> [Provided material]
----

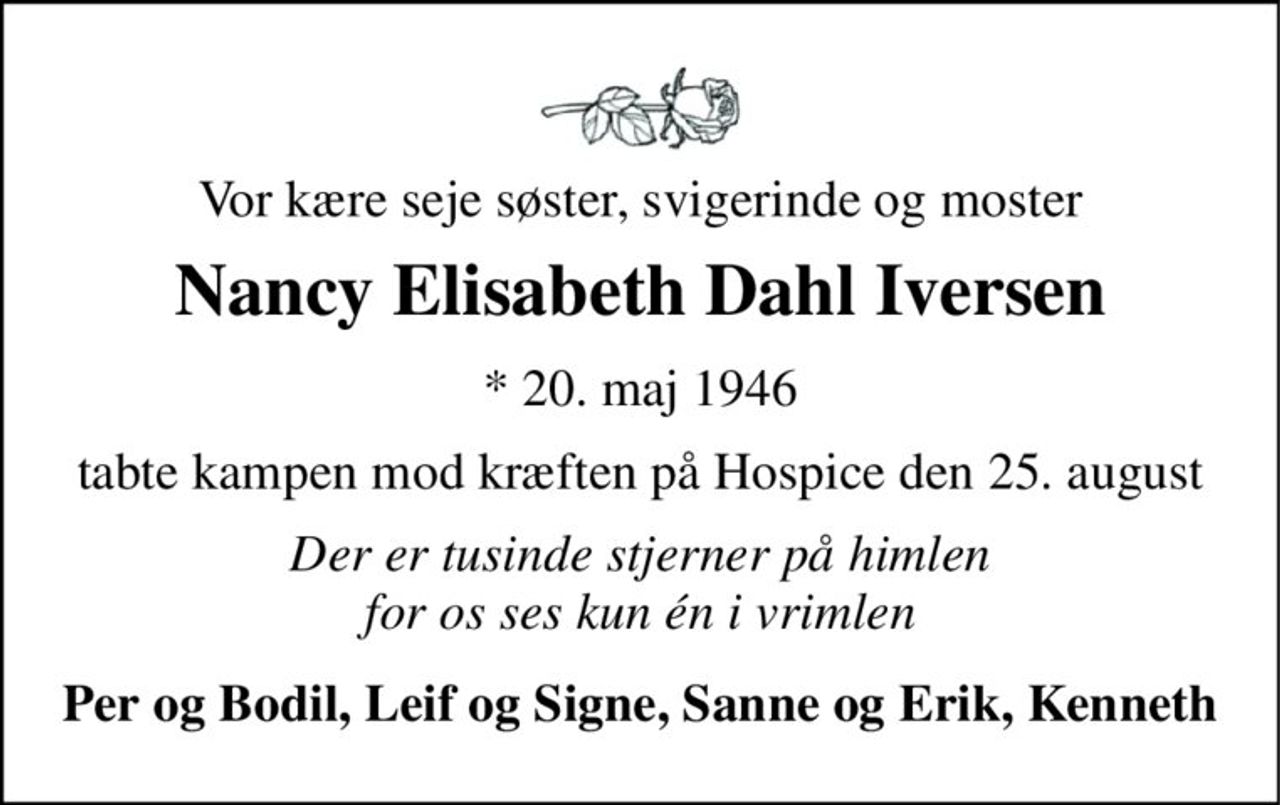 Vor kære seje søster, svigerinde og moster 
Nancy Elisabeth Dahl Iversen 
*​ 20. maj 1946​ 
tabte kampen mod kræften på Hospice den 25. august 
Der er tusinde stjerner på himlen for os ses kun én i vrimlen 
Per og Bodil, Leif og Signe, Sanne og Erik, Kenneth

----

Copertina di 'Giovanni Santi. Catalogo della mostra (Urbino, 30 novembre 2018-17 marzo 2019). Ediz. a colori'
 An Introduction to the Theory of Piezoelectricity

----

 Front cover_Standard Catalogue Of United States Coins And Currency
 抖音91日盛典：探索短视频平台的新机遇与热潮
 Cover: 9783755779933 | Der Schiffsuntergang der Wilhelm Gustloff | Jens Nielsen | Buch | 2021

----

Nothing except the lines from the one containing "Vor kære seje søster, svigerinde og moster" through the one containing "Per og Bodil, Leif" should appear in the answer, exactly as above and without pictures.

> [Response below]
 Vor kære seje søster, svigerinde og moster 
Nancy Elisabeth Dahl Iversen 
*​ 20. maj 1946​ 
tabte kampen mod kræften på Hospice den 25. august 
Der er tusinde stjerner på himlen for os ses kun én i vrimlen 
Per og Bodil, Leif og Signe, Sanne og Erik, Kenneth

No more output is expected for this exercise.